With Quack, DuckDB can now be useful in a wide range of new use cases, where centralizing state is more important than hyper-local querying. We have already had to learn that data is not always local with the rise of data lakes. Speaking of lakes, Quack is also going to be integrated into DuckLake so that DuckDB itself can be a remotely-accessible Catalog server. This will unlock new capabilities, e.g., for data inlining. If you have more questions on this, please consult the Quack FAQ.
Overall, DuckDB is moving further out of its initial niche of an in-process database for interactive analytics into a core building block of modern data architecture. We have been playing with Quack for a while now, and are quite excited to hear what you are going to build with it. If you have any suggestions on how Quack could be improved, let us know! And hey, the MythBusters have already proven that a duck’s quack echos, so let's see what kind of noise this leads to.
There are of course a lot of things still to do. First off, we are going to integrate Quack into DuckLake, so that it becomes possible to use a remote DuckDB server as a DuckLake catalog! We expect this to greatly improve performance, especially with inlining. Next, we are going to polish Quack over the coming months and release a first production release together with DuckDB v2.0 when it's coming in fall this year. We plan for example to enable auto-installation and auto-loading of the Quack extension whenever it is needed. Using our new parser, we are also planning to improve on the syntax for talking to remote SQL databases from DuckDB. On the core DuckDB side, we plan to work on greatly increasing the transactions per second achievable, so we can scale transactions far beyond eight parallel threads.
Further on, we are thinking about allowing extensions to the Quack protocol beyond authentication and authorization, for example, by allowing DuckDB extensions to add new protocol messages and the code to handle them. And we are also thinking about adding a replication protocol on top of Quack so that changes to a DuckDB instance can be replicated to other servers, for example to set up a cluster of read replicas.
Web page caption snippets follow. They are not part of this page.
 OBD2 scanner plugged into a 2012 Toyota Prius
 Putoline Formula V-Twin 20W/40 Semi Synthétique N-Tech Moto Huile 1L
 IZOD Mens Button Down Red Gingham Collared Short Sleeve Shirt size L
If you want to learn more about Quack – and hear about its initial adoption – join our community conference, DuckCon #7, on June 24. DuckCon will start with the “State of the Duck” talk presented by the co-creators of DuckDB. You can either join in-person or watch the online stream on YouTube.
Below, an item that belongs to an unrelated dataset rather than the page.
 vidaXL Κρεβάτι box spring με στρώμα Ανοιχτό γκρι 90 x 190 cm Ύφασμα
PS: We have a separate page for the Quack project, make sure you give it a visit.
We would like to thank Boaz Leskes from MotherDuck for sharing their lessons learned from building the MotherDuck protocol with us. We also want to thank Philip Moore from GizmoSQL / GizmoData, who has blazed this trail for us already and shown that client-server DuckDB is a very worthwhile thing.
We also have to address one of the few elephants in the room: why on earth did we not use the existing Arrow Flight SQL protocol? It’s there. It’s available. There are existing implementations. We see the value in Arrow and related projects like ADBC: they are interchange APIs like ODBC and JDBC before them aimed at reducing friction in exchanging data between systems. And that works pretty well.
However, we are also wary of using interchange formats like Arrow inside DuckDB. And while DuckDB’s internal structures for query intermediates are in some ways close to Arrow, in other ways they are quite different. We feel that in order to be able to keep innovating in data systems, we cannot allow ourselves to be restricted by formats that are controlled externally. This is why we use our own serialization in Quack. If we want to add a new data type or protocol message, we can ship tomorrow.
Deep down, there is also one fateful design decision in Arrow Flight SQL: every single query requires at least two protocol round trips, CommandStatementQuery and DoGet. This is not ideal for small updates like in our second experiment above, especially in higher-latency environments. As mentioned, we designed Quack to be able to do single-round trip query execution and result fetching for small queries.